Per dovere di cronaca, bisogna tenere presente che qualsiasi rapporto dello US Army War College non rappresenta necessariamente la posizione delle Forze armate o del DoD, implicando che qualsiasi osservazione compiuta non può essere definita come rappresentativa del Governo statunitense. Nel caso specifico, è però interessante notare come il documento ammetta di rappresentare la “coscienza collettiva” dei numerosi ufficiali consultati”, costituendo un’importantissima finestra nella mente del Pentagono e nei suoi schemi comportamentali.
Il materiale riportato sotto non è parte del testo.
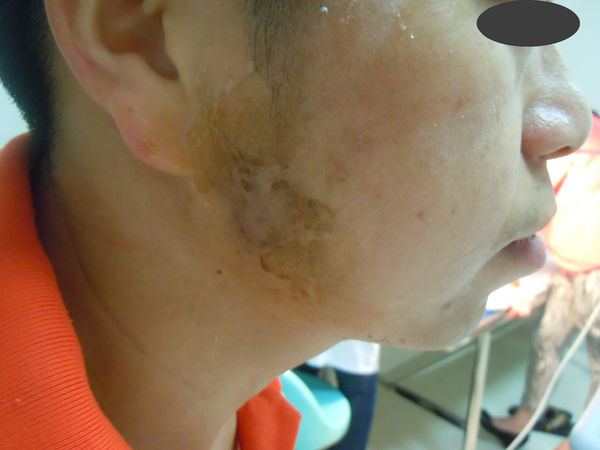 慢性腮腺炎转化为腮腺脓肿有图片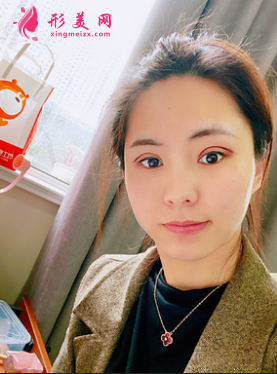 成都美綻美整形美容醫(yī)院陳宇做的眼綜合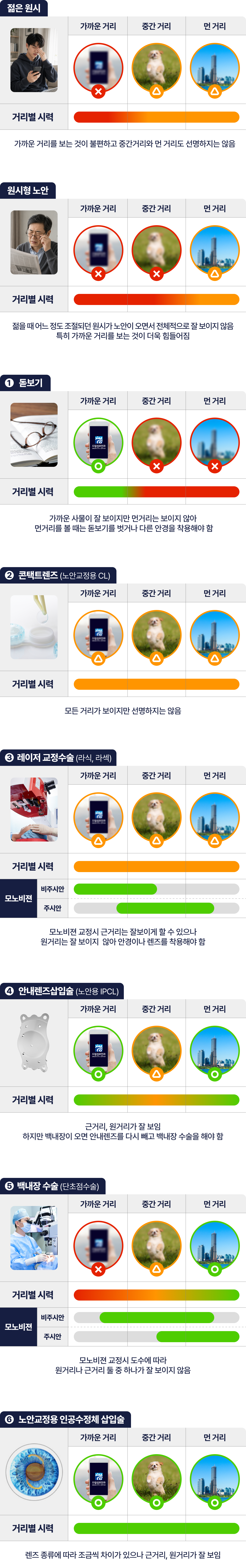 원시형 노안 내용
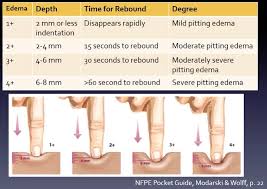 Image result for Edema Exam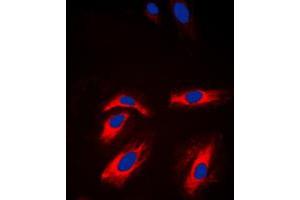 Immunofluorescent analysis of Creatine Kinase M staining in NIH3T3 cells. (CKM 抗体  (N-Term))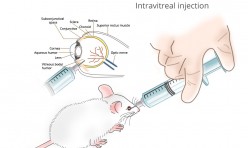 Intravitreal-Injection Administration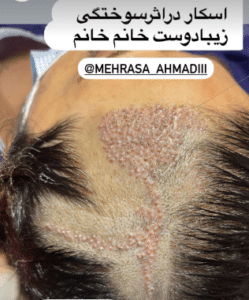 نمونه کاشت مو کلینیک زیبایی و لاغری آسا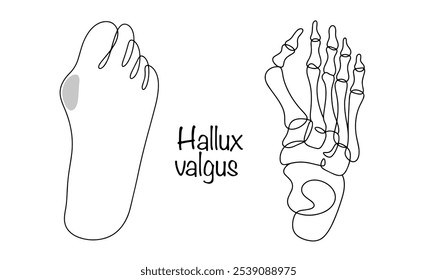 Hallux valgus. Foot deformity in which changes occur in the first metatarsophalangeal joint, causing the first toe to deviate outward. Hand drawn hallux valgus deformity. Vector illustration.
È profondamente educativo anche perché mostra una metodologia di ricerca che, come lo stesso Ahmed afferma, mostra di ignorare sistematicamente i reali fattori alla base di quei fenomeni politici che minano la supremazia statunitense: i processi alimentari, climatici ed energetici alla base delle primavere arabe; la confluenza della violenza militare, degli interessi petroliferi e le alleanze geopolitiche alla base della nascita dell’Isis; la crisi di fiducia verso le istituzioni a partire dalla crisi finanziaria del 2008 e la prolungata successione di fallimenti dell’economia neoliberale.

 

Forse è però troppo esigente aspettarsi che tali conclusioni vengano riconosciute da un apparato che applica “un metodo di ricerca così profondamente narcisista che riguarda poco più del parlare a se stessi”. L’autoreferenzialità della diagnosi non sembra essere adatta a curare la malattia e, probabilmente, ciò sarà alla base di un ulteriore peggioramento delle condizioni del malato.